Drift Away - Three Decades of the Same Damn Song
The "Original" (but not really)
Dobie Gray -The version you're thinking of is considered the definitive version of the song (and it is), but it was itself a cover of the original John Henry Kurtz version (which I cannot legally find anywhere online for you to listen to). On top of that, Dobie Gray actually did a re-recording of his original cover of the song years later (just him by himself, not talking about the Uncle Kracker version). It's a higher-bandwidth recording, of course, but if you have the original only buy the new version if you think Dobie needs the dough.
The Most Recent Remake
Uncle Kracker - This will hurt the very souls of snobby music hipsters, but this version was famous because it was good. Don't believe me? Listen to the other covers. Mister Kracker didn't have much competition.
Dobie's Secret Stash: The Best "Drift Away" Covers You've Never Heard
Ike & Tina Turner - This cover sounds like a Blaxploitation film's pimp theme music. It should be called "Pimp Away". It is awesome.
Tom Rush - A Cat Stevens style singer-songwriter interpretation. This is the Whitest version on the list and it's still fantastic. The man has a cello accompaniment. If that doesn't move you then you have no soul. CELLO!
The Chosen Few - A reggae version, but way cooler than the Heptones' (in the Mediocre section) since this band really makes it their own. I could make some joke about how this is one of "The Chosen Few" good "Drift Away" covers... so I will. 'Cause it is.
Narvel Felts - Like his name, this cover is so weird it's worth it. He replaces "rock and roll" with "country song" because the song is so damn country you would not believe it, but he deserves a nod simply because he sounds like he's really doing a cover of song he knows you know, and not just karaoke
Daniel Ho - I'm going to catch flack for putting this in the section for good covers, since it's basically the Disney Channel version. It's shiny and slickly produced, and actually kind of fun when the ukelele gets a little play. I admit, it kind sucks out the soulful, sweaty, Southern feeling and replaces it with an almost antiseptic efficiency. Some people are into that. These people are also into robot porn.
The Nylons - The only one of three a cappella versions to make it to the "Good" section. This band is hip-hop/doo-wopping it's way through the song, and it's actually rather funky.
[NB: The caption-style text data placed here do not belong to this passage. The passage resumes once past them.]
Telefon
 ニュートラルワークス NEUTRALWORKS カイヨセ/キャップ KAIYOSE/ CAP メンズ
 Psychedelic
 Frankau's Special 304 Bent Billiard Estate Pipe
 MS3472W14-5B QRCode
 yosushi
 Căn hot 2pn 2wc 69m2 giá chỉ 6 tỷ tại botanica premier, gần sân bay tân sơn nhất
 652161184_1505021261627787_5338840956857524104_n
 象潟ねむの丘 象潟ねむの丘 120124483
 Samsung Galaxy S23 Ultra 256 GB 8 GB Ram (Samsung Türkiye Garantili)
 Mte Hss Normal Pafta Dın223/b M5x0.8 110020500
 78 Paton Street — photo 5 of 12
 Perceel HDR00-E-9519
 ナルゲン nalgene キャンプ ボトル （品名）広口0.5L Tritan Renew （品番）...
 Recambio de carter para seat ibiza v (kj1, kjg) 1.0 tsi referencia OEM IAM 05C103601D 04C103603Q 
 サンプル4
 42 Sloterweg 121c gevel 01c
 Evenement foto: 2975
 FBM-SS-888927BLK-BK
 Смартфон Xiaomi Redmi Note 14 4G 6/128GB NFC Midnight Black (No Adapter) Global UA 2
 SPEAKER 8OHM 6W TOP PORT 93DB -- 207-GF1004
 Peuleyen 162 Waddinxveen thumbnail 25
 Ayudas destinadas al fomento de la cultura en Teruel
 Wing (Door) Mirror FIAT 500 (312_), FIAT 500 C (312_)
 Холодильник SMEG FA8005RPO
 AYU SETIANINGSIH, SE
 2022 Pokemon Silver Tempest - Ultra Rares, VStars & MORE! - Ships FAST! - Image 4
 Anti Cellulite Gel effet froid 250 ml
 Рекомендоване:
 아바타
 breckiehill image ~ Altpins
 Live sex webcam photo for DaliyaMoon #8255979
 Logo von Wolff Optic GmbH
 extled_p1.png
Peter Petrel and the Swinging Petrels - Call it the Designing Women intro version - southern gospel/soul with Ray Charlesesque piano and squealing saxes. Give the man credit for effort even if you don't like this worthy version. He beat the actual Ray Charles into the Good Covers section.
Dobie Gray's Iridescent Coaster Collection: The Worst "Drift Away" Covers (all available on iTunes)
Buddy Baker - Overmixed and poorly sung vocals. It was recorded decades later and they don't even have the echo effect on the line "beginning to think that I'm wasting time (time... time... time...)" they just have the lead singer repeat the word "time" three times through a filter.
The Hit Crew - This "band" is actually a revolving group of session musicians used to produce Karaoke tracks and records to rival Kidz Bop. They're on the list just so you can I hear the melodramatic lead singer emote all over the verses like a Rob Thomas from his grungiest hillbilly days. These are the rutty underdogs nipping at the heels of Kidz Bop. Let that sink in: their biggest competitor is Kidz Bop. That's the market share they're going for.
Kidz Bop - You know exactly what this sounds like. I'm not even going to indulge you.
Jimmi Langemo and Tim Egglebraaten - Two guys, two guitars, four minutes you will never get back.
The Neville Brothers - If you needed Aaron Neville bleating to you to understand this song, then here you go. Finally, sheep, goats and other ungulates can appreciate the lyrics of one of our most beloved classic songs
Britten Newbill - This is not the Kidz Bop version, but it does have a chorus of children, so WHAT WAS THE POINT?
Tony Rosario - He gets a mass choir in the chorus and that makes his melodramatic and atonal singing much less noticeable.
Billy Joe Royal - Simply painful. This is not the Wedding Band version, this is the Drunk Uncle Billy Who Wasn't Really Invited to the Reception version
Judson Spence - "OOoooohoooooeeOOHyeah" was not in the original lyrics, but it makes several appearances in this version. Listen at your own risk.
Music Store Shelf-Fillers and iTunes Server Farm Manure: Three Decades of Phoning It In
Rod Stewart - Sounds a but like Ike and Tina's pimptastic version, except that it's for a movie about really lame, syphilitic, Scottish pimp. Leroy MacWhoreborough.
Michael Bolton - Like Velveeta. Cheesy, but not in a good way, and you know it's slowly killing you.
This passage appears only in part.